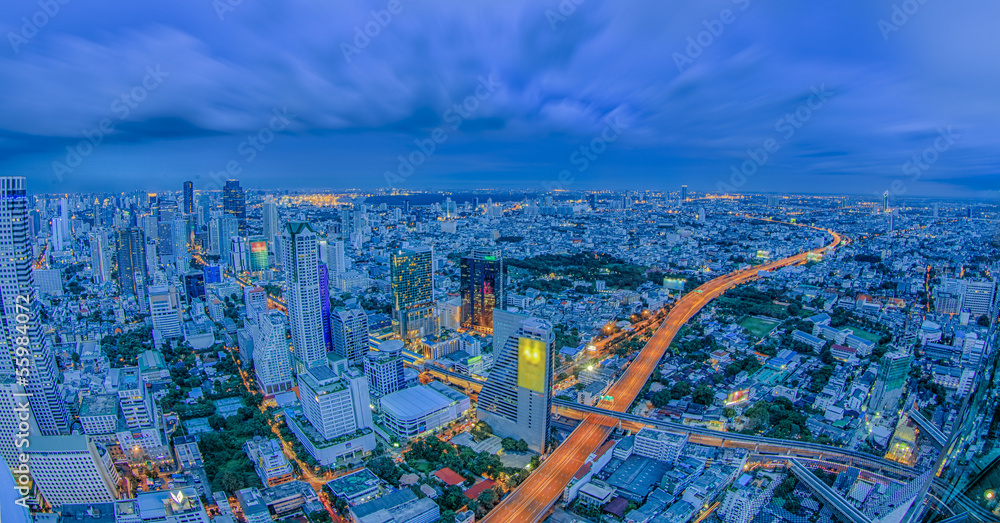 Bangkok at dusk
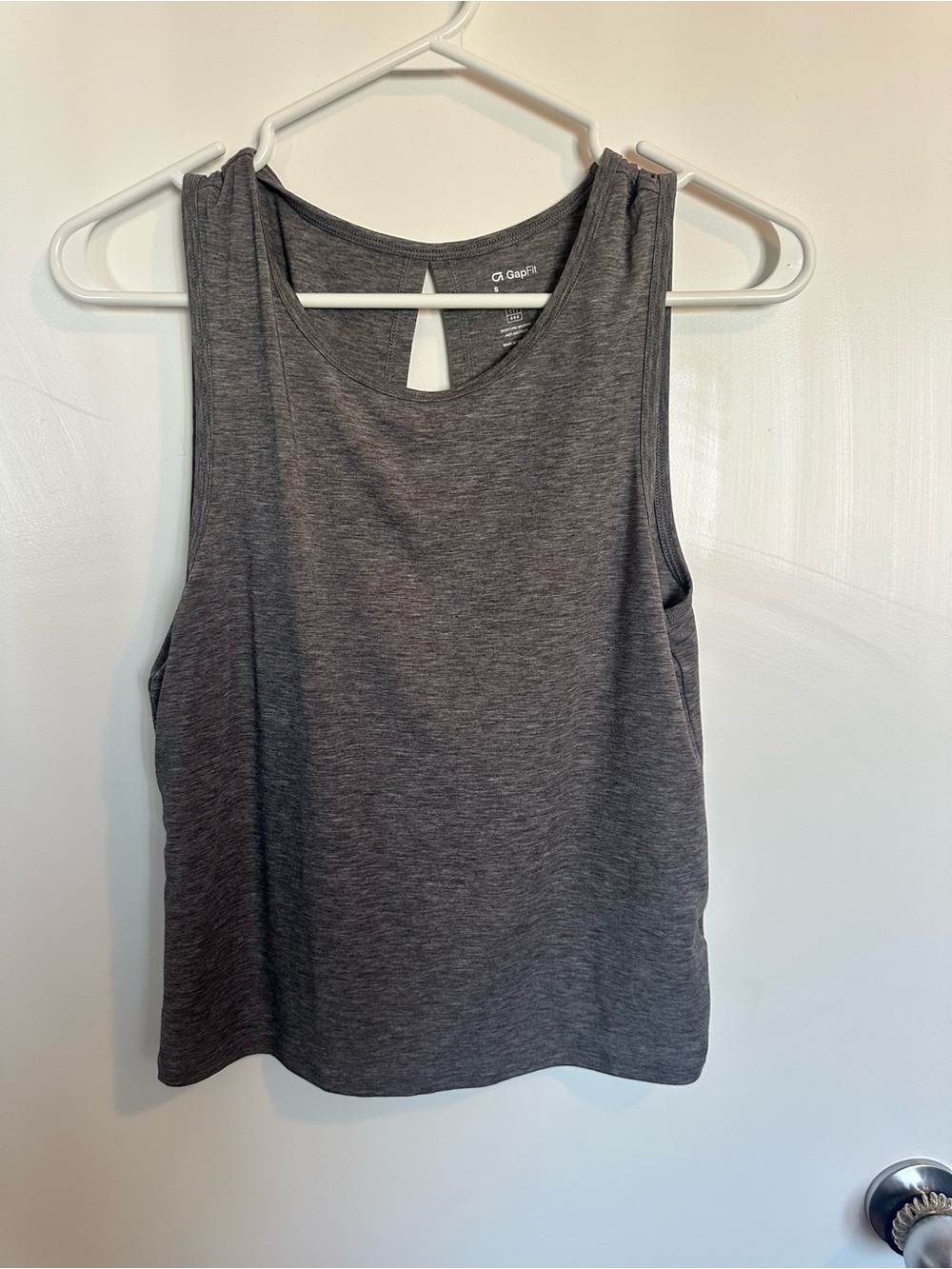 GAP Women's Charcoal Scoop Neck Tank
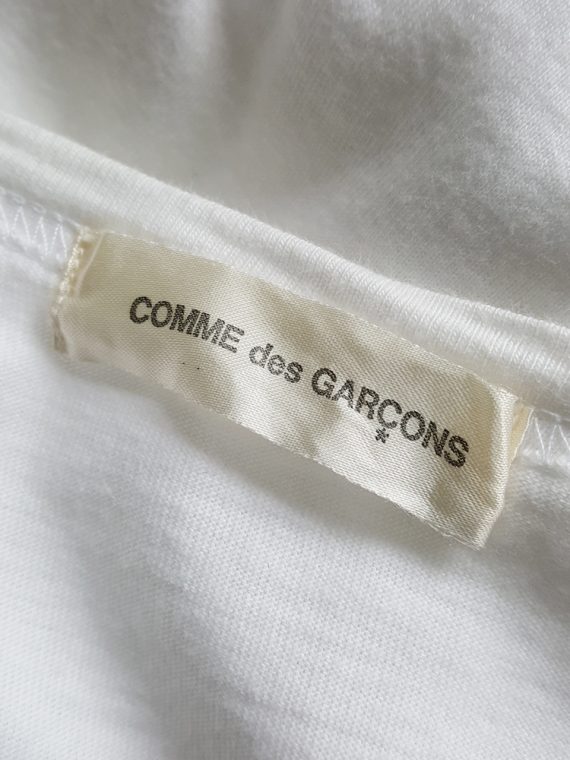vintage Comme des Garcons white vest with oversized braids spring 2003 111718(0)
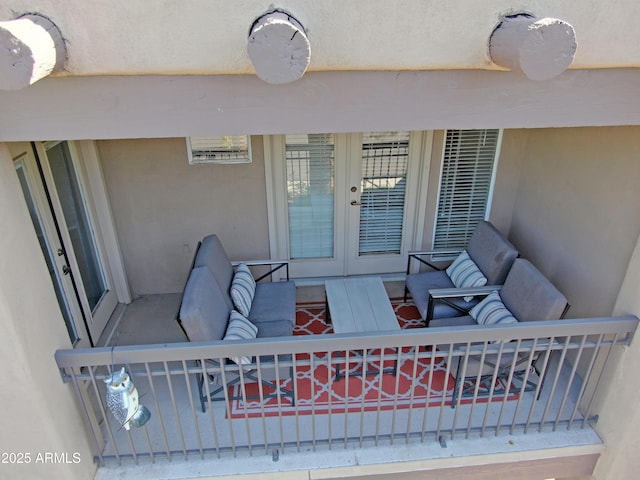 7021 E Earll Dr Unit 204, Scottsdale, AZ 85251 - view of patio / terrace with an outdoor hangout area and french doors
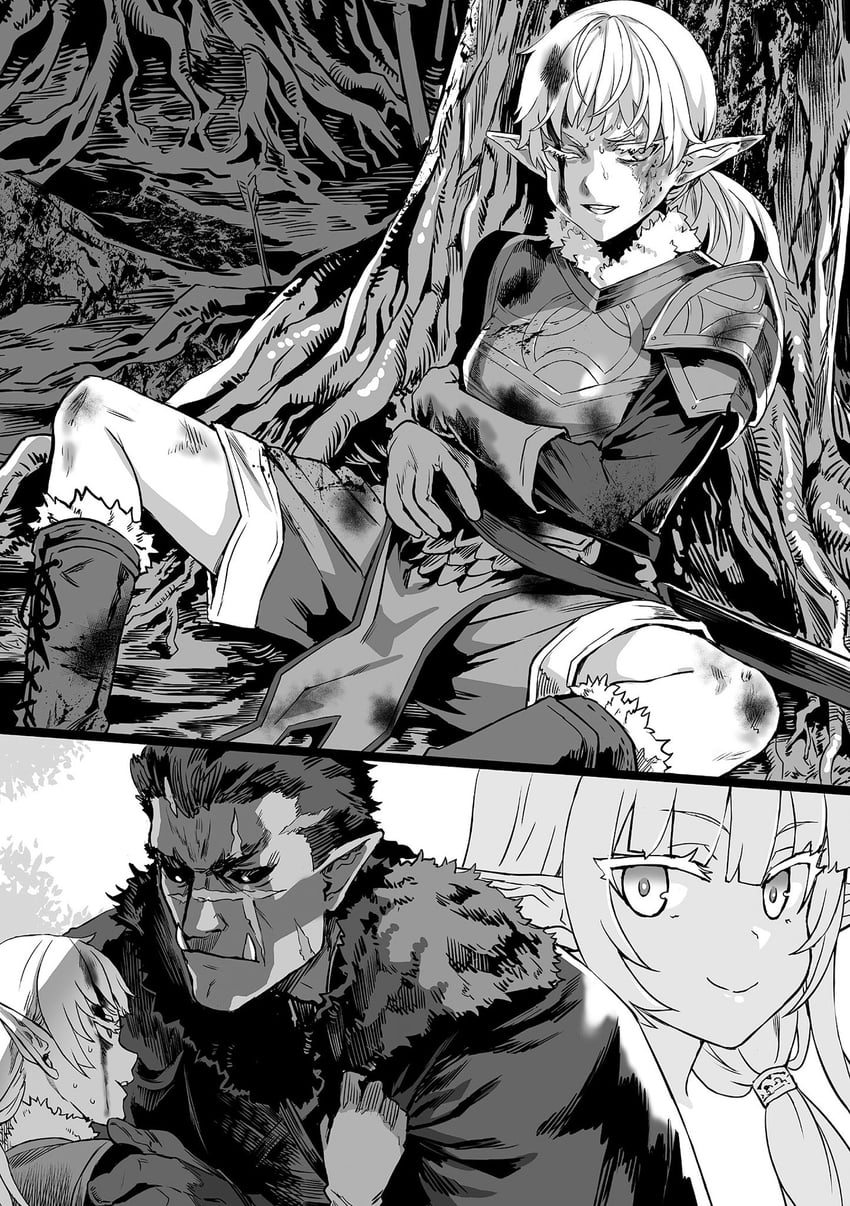 bash, thunder sonia, and azalea (orc eiyuu monogatari) drawn by asanagi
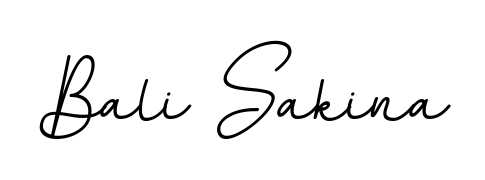 The BallpointsItalic-DORy9 font transforms the name Bali Sakina into an executive sign with sharp precision and distinguished character. Bali Sakina signature style 11 images and pictures png
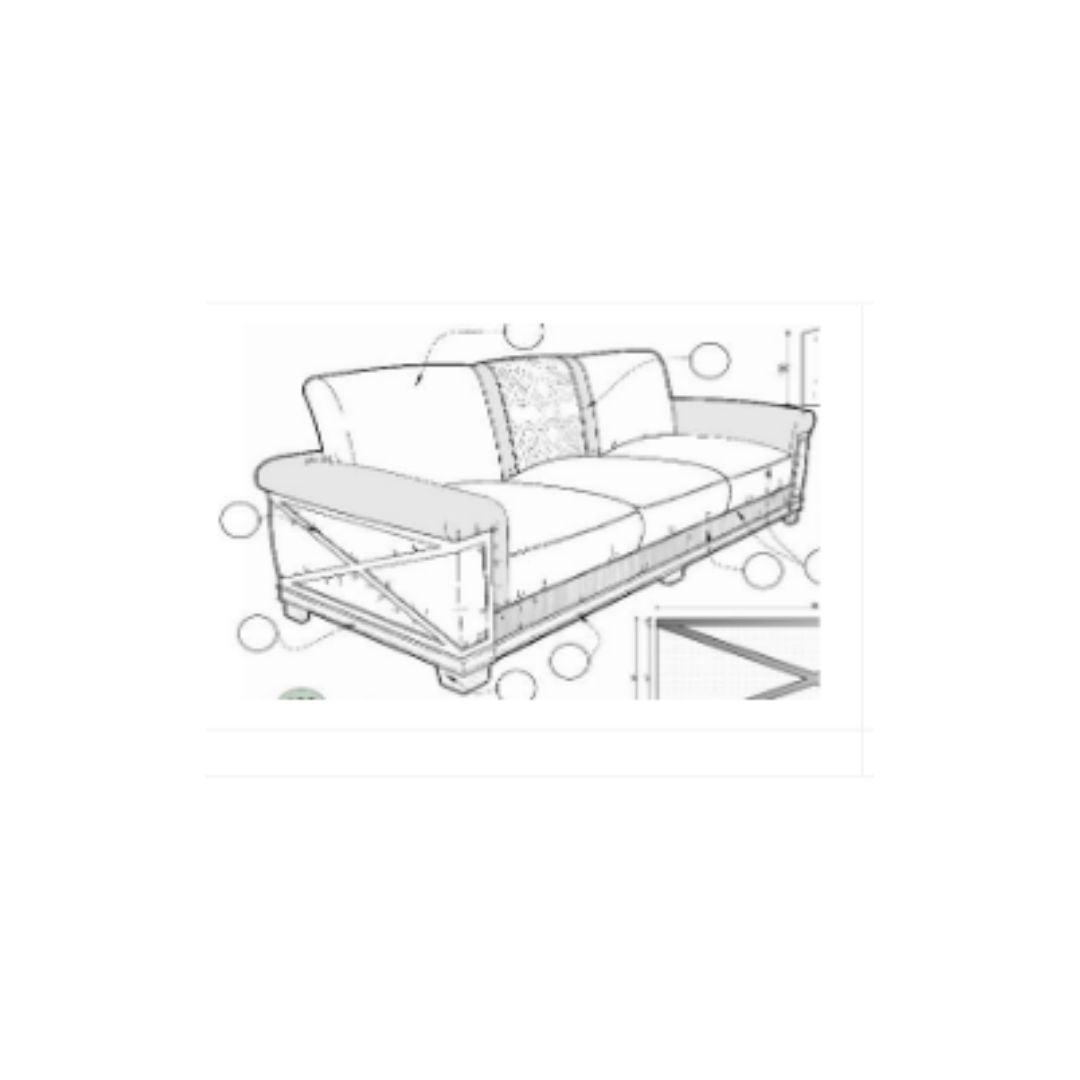 GF ENTRANCE HALL SOFA REUPHOLSTERY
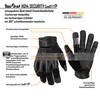 TacFirst Security Quartz Gloves H014 360° Cut Resistant, Touchscreen Summer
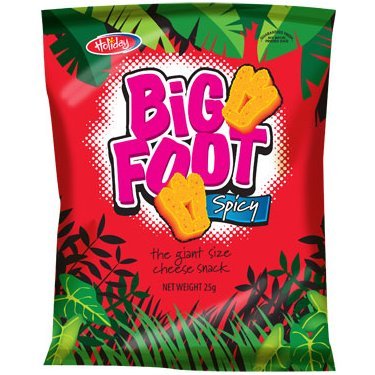 BIG FOOT 25G - SPICY CHEESE - Uplift Things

> WHAT YOU WILL DO
Your reply should hold only the lines from the one that contains "The BallpointsItalic-DORy9 font" through the last line of the records above, exact and complete, and no pictures.

> WRITTEN REPLY
 The BallpointsItalic-DORy9 font transforms the name Bali Sakina into an executive sign with sharp precision and distinguished character. Bali Sakina signature style 11 images and pictures png
 GF ENTRANCE HALL SOFA REUPHOLSTERY
 TacFirst Security Quartz Gloves H014 360° Cut Resistant, Touchscreen Summer
 BIG FOOT 25G - SPICY CHEESE - Uplift Things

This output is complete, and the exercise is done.